Our second concluding comment, an extension of the first, is that since the human and machine share important properties/skills, we can, with a scientifically supported methodology, compare the processes that support these skills. This endeavor began as early as Leibnitz and Hobbes (who conjectured that reasoning was nothing more than reckoning Hobbes 2010/1651) in the seventeenth century, it became more detailed in the 1940s with the research of McCulloch and Pitts (1943) and Hebb’s conjectures about human learning (Hebb 1949), and further showed important results in the Information Processing Psychology of the 1950s. It was Allen Newell and Herbert Simon in their 1976 Turing Award lecture Newell and Simon (1976) that clarified this cognitive information-processing task with their physical symbol system hypothesis.

The physical symbol system hypothesis proposed that “the necessary and sufficient condition for a physical system to exhibit general intelligent action is that it be a physical symbol system.... Sufficient means that intelligence can be achieved by any appropriately organized physical symbol system.... Necessary means that any agent that exhibits general intelligence must be a physical symbol system”.
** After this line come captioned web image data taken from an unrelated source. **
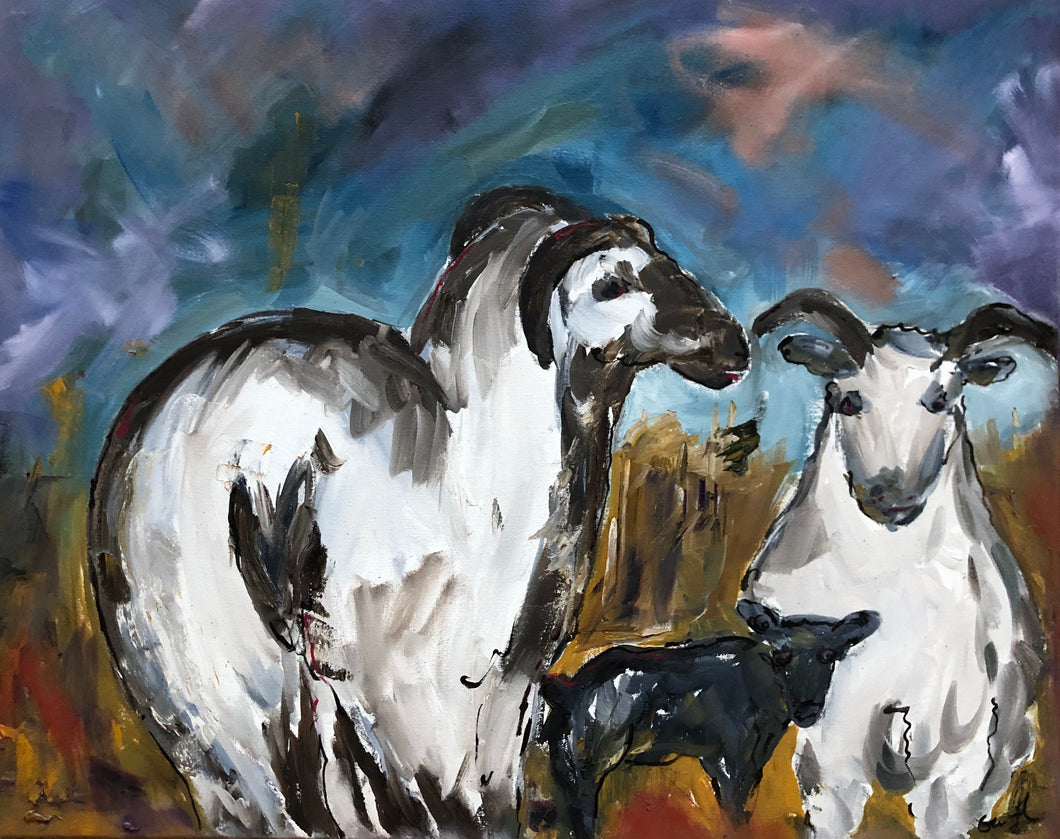 Jacobs Sheep painting - Garth Bayley 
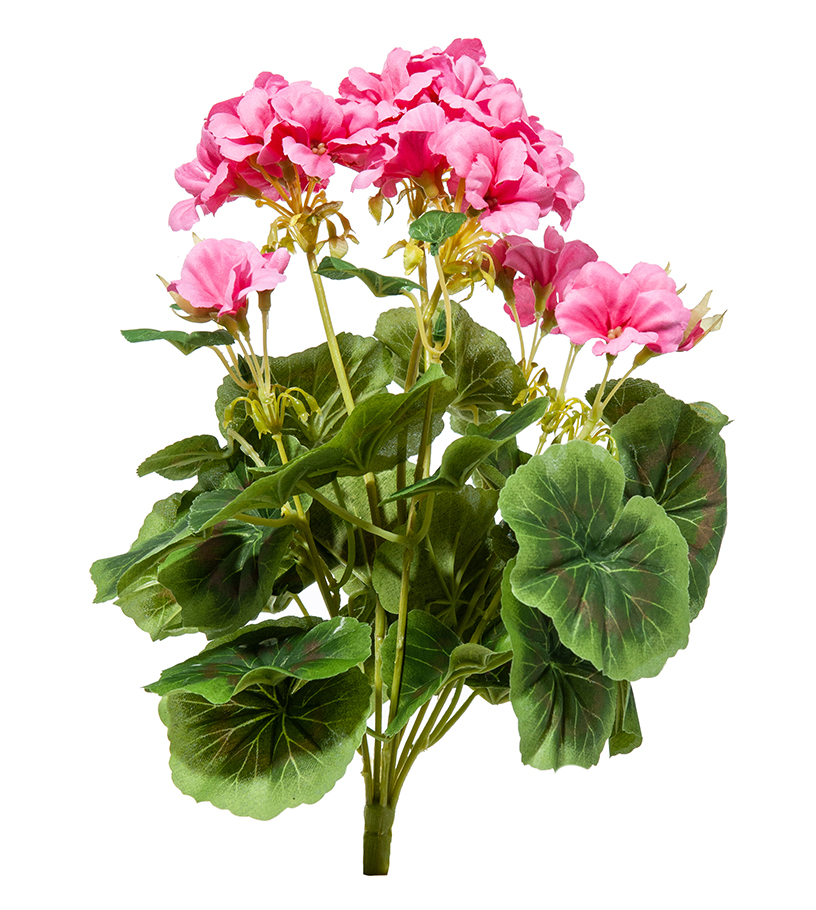 GERANIO 2PZ  CM.38 FUCHSIA --NETTO--------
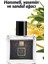 Little Black Dress Kadın Parfüm Edp 30 Ml. 2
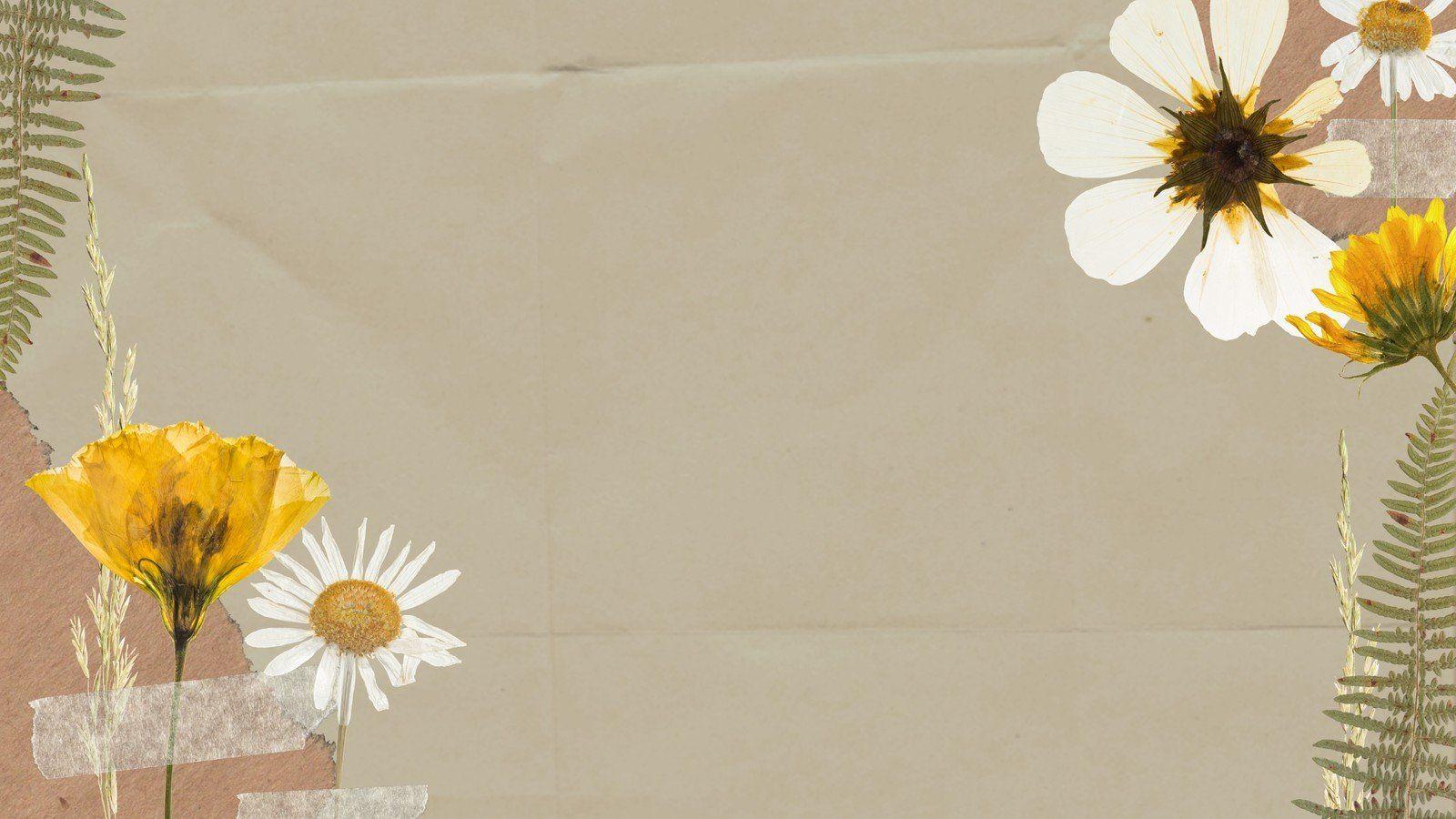 Beige Collage Wallpapers Top Free Beige Collage Backgrounds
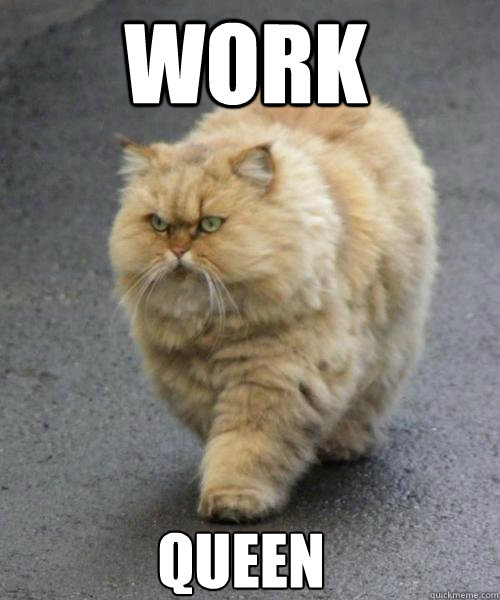 work queen - work queen  fierce cat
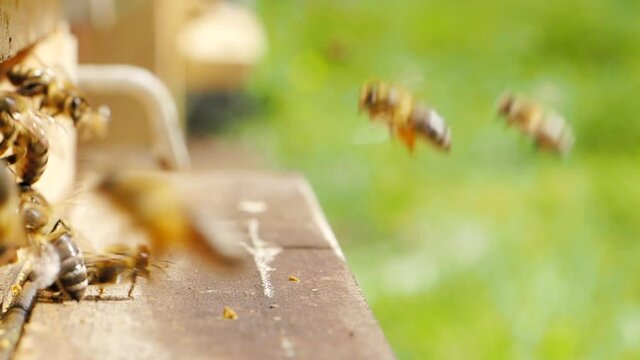 Swarm of honey bees (Apis mellifera) carrying pollen and flying to the landing board of hive in an apiary in SLOW MOTION HD VIDEO. Organic BIO farming, animal rights, back to nature concept. Close-up.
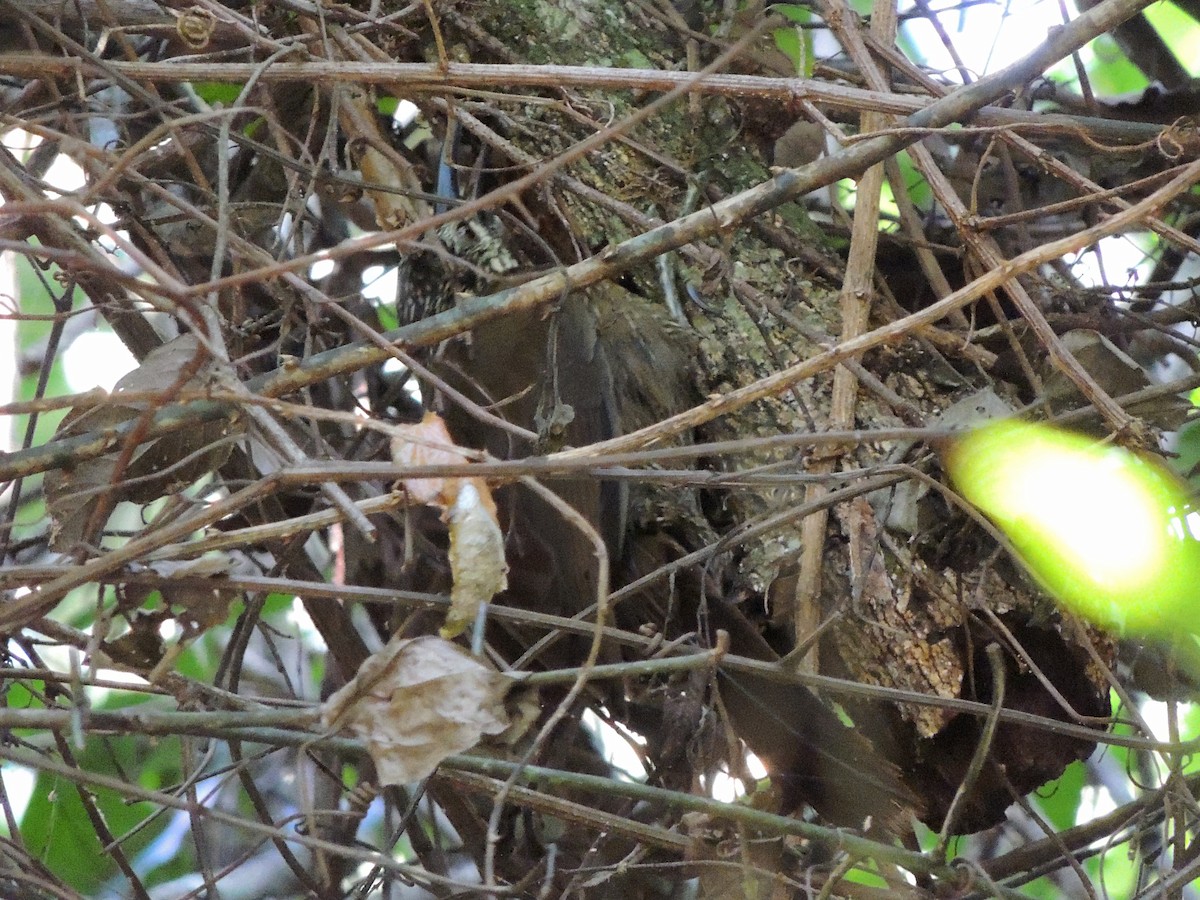 White-throated Woodcreeper - ML637665590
The necessary component of this hypothesis has long been disproved by multiple psychological and computational experiments demonstrating that human intelligent action can be described and explained by non-representation-based models and without the use of explicit symbol manipulation (Ferrucci 2012; Brooks 1989; Dreyfus 1979; Merleau-Ponty 1962). The sufficient component of this hypothesis has lead to a wealth of new experiments and explanations for cognitive tasks. In fact, the sufficient component of Newell and Simon physical symbol system hypothesis has supported the discipline of cognitive science and much of the current research in computational linguistics (Miller 1956; Newell and Simon 1972; Sun 2008; Miller 2003; Pinker and Bloom 1990).

Finally, our third comment is that most artificial intelligence researchers and software developers are agnostic about the previous two issues. They simply want to make computational artifacts that reflect what a human user might, on observing their effects, call “intelligent”. But the primary point of this paper is that in the process of designing and building computational processes that are intended to produce such products, humans do make epistemic commitments. Whether these are a result of how we think about the world, or whether they are designed towards the strengths of a particular computational system, these programs are human creations and so take on an (often implicit) epistemic stance.

As noted throughout the paper, this stance can support both strengths as well as severe limitations in the final artifact created. It must also be noted that most AI technology is not focused on novel or exciting goals such as playing chess, being a Jeopardy champion, or controlling robots in deep space. Rather, they are focused on and developed to support the quality of human existence, whether this be as a health monitor or advisor, a recommender system for travel routes, an expert system for giving medical or diagnostic advice, or simply supporting better human understanding and communication (Chakrabarti and Luger 2015). As support for human centric interaction, advice, and decision-making the program builder’s underlying epistemic assumptions remain important.